2nd Cause of Action – Negligent Misrepresentation
This cause of action relies on the same allegations as the fraud with the exception, that plaintiff asserts that defendant acted negligently. Defendant argues that it had no duty to plaintiff; — essentially to not make representations that it had no reasonable grounds for believing the representations were true. This is not true. Although a lending institution owes no duty of care to a borrower, as a general rule, (Nymark v. Heart Fed. Sav. & Loan Ass’n (1991) 231 Cal. App. 3d 1089, 1096), a lender cannot make misrepresentations and then claim it is absolved of liability. (Meyers v. Guarantee Sav.& Loan Assn. (1978) 79 Cal. App. 3d 307, 312.)
3rd Cause of Action – Promissory Fraud & 7th Cause of Action – Promissory Estoppel
These causes of action rely on the same primary allegations as the misrepresentation causes of action which are sufficient to state the 3rd and 4th causes of action.
The elements for promissory estoppel are: (1) a promise clear and unambiguous in its terms; (2) reliance by the party to whom the promise is made; (3) reasonable and foreseeable reliance; and (4) the party asserting the estoppel must be injured by his reliance. (Thomson v. International Alliance of Stage Employees (1965) 232 Cal. App. 2d 446, 454.) The doctrine of promissory estoppel is inapplicable where no clear promise is made. (Division of Labor Law Enforcement v. Transpacific Trans. Co. (1977) 69 Cal. App. 3d 268, 275; Laks v. Coast Fe, Savings & Loans Assn. (1976) 60 Cal. App. 3d 885, 891.) In addition, “[t]he party claiming estoppel must specifically plead all facts relied on to establish its elements. [Citations omitted].” (Smith v. City and County of San Francisco (1990) 225 Cal.App.3d 38, 48.)
Allegations of a lender’s oral promise to “‘work … on a mortgage reinstatement and loan modification,’” coupled with the borrower’s reliance by deciding to forego bankruptcy relief, constituted promissory estoppel, which served as a substitute for the consideration required in order to enforce an oral promise related to postponing mortgage payments and a foreclosure sale. (Aceves v. U.S. Bank, N.A. (2011) 192 Cal.App.4th 218, 226.

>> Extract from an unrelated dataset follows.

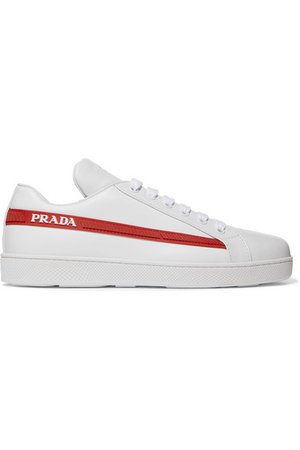 Prada | Avenue Last logo-embellished leather sneakers | NET-A-PORTER.COM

Plaintiff has alleged (1) a clear and unambiguous promise – that defendant would not foreclose for 30 days after he received written notice from them, and that after receiving the letter on 10/18/10 they foreclosed 2 days later. This is sufficient to state a claim for promissory estoppel and promissory fraud. (Beck v. American Health Group Internat. Inc., (1989) 21 Cal.App.3d 1555, 1563.)

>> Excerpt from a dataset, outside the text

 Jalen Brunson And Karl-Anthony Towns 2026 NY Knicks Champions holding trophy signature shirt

4th Cause of Action – Breach of Oral Contract and 5th Cause of Action – Breach of Implied Covenant of Good Faith and Fair Dealing
Plaintiff again relies on the same promise by Wells Fargo as that being an oral agreement which he claims they breached. The allegations do not constitute an oral agreement. There was no consideration on plaintiff’s part for defendant’s promise that it would not foreclose until 30 days after it gave plaintiff written notice. Further there were no terms or conditions for plaintiff to perform. This is at most claims for misrepresentation or promissory estoppel, but there clearly is no formation of any oral contract.
Because there is no oral contract, there can be no breach of an implied covenant of good faith and fair dealing.
6th Cause of Action – Violation of B&P Code § 17200
Generally the viability of the claim depends upon whether the underlying causes of action withstand scrutiny. (E.g., Boschman v. Home Loan Center, Inc. (2011) 198 Cal.App.4th 230, 254 (federal TILA claim provides a predicate law violation for a claim for unfair business practices, even though plaintiffs do not expressly allege such violations); Sullivan v. JP Morgan Chase Bank, NA (E.D.Cal. 2010) 2010 WL 2643311, 8 (plaintiffs sufficiently pled a claim under Business and Professions Code Section 17200 based upon sufficient TILA and negligence claims serving as the predicate acts);
Here, plaintiff has alleged fraud claims against defendant. This is sufficient to support the wrongful business practices prong of the claim. Particularity is not required. (Quelimane Co. Inc. v. Stewart Title Guar. Co. (1998) 19 Cal.4th 26, 47.) Lastly, the claim is not duplicative because it seeks different remedies based on a multiplicity of wrongs.